→ **Task material**:
Start of Block

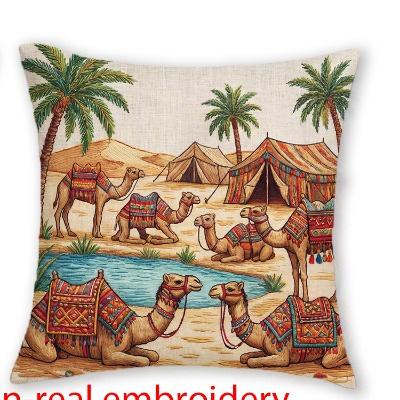 

1/4pcs Bohemian Desert Camel Print Linen Throw Pillow Covers Ethnic Style Square Cushion Cases for Home Decor 45x45cm-1pcs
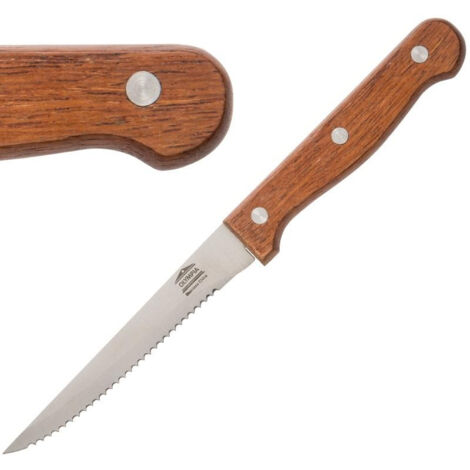 Couteau à Viande 215 mm Lame Dentée Manche en Bois Lot de 12 Olympia
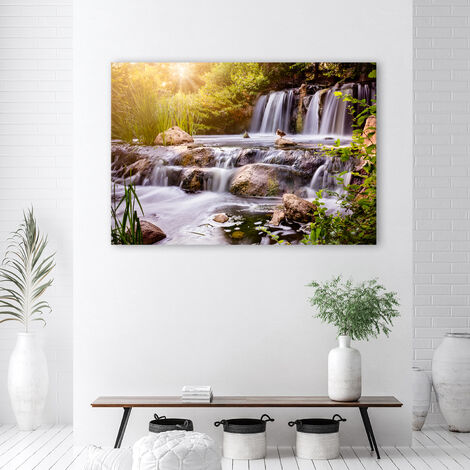 Visario Quadro Su Tela XXL 160x80 Cm – Cascata 5520-SCT – Stampa D'Arte Pronta Da Appendere – Telaio In Legno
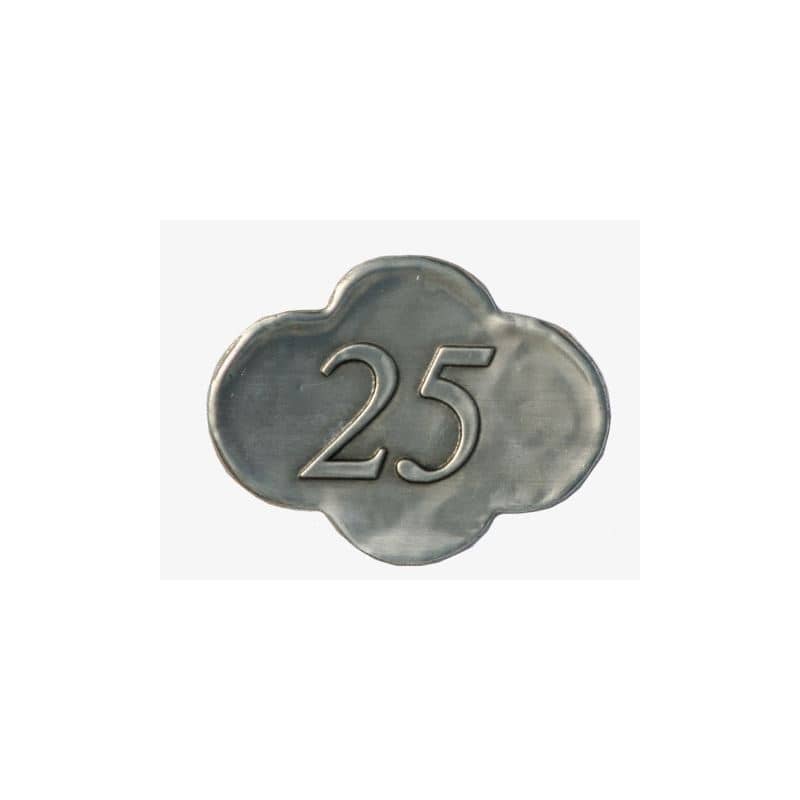 Oznaka od kositra '25', metal, srebrna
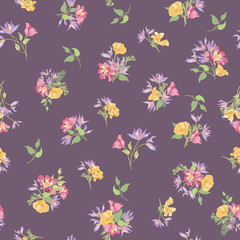 Fototapeta na wymiar Floral seamless pattern. Flower bouquet garden ornamental background.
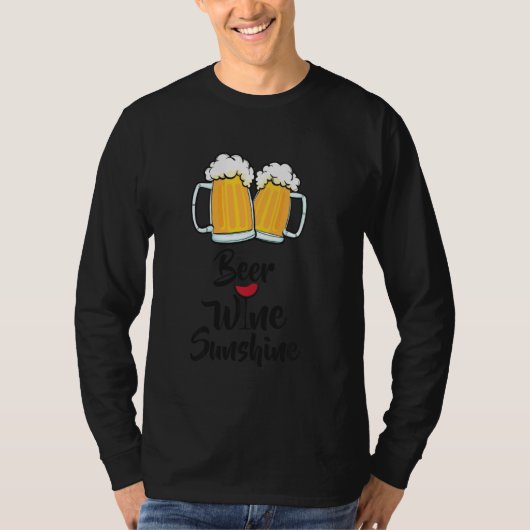 ビールワインサンシャインデザイン長袖 Tシャツ (正面)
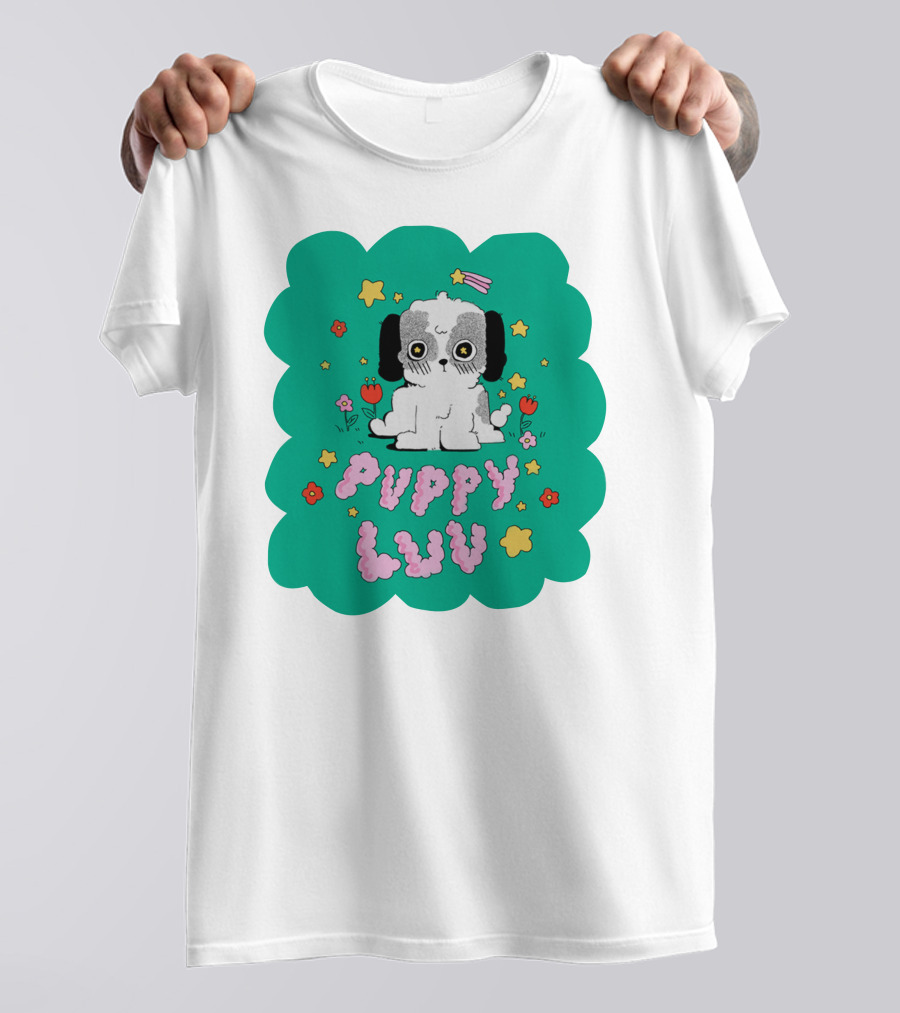 Puppy Luv Chloe Moriondo Cute Cartoon Dog With Stars And Flowers T-Shirt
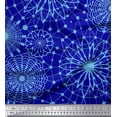 thumbnail image 1 of Soimoi Blue Velvet Fabric Artistic Geometric Printed Fabric 1 Yard 58 Inch Wide, 1 of 3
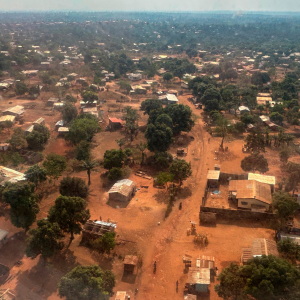 FILE - An arial view of Bangui, Central African Republic on March. 8, 2024.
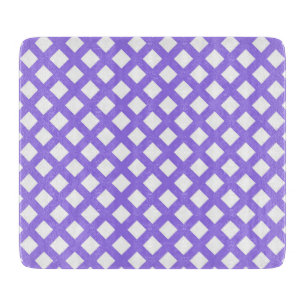 Planche À Découper Motif diamant à carreaux blanc violet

End of Block

→ **The problem**:
All lines from the line containing "Couteau à Viande" through the end of the listing above are to be given again exactly; pictures are not part of the copy.

→ **Solution to the problem**:
 Couteau à Viande 215 mm Lame Dentée Manche en Bois Lot de 12 Olympia
 Visario Quadro Su Tela XXL 160x80 Cm – Cascata 5520-SCT – Stampa D'Arte Pronta Da Appendere – Telaio In Legno
 Oznaka od kositra '25', metal, srebrna
 Fototapeta na wymiar Floral seamless pattern. Flower bouquet garden ornamental background.
 ビールワインサンシャインデザイン長袖 Tシャツ (正面)
 Puppy Luv Chloe Moriondo Cute Cartoon Dog With Stars And Flowers T-Shirt
 thumbnail image 1 of Soimoi Blue Velvet Fabric Artistic Geometric Printed Fabric 1 Yard 58 Inch Wide, 1 of 3
 FILE - An arial view of Bangui, Central African Republic on March. 8, 2024.
 Planche À Découper Motif diamant à carreaux blanc violet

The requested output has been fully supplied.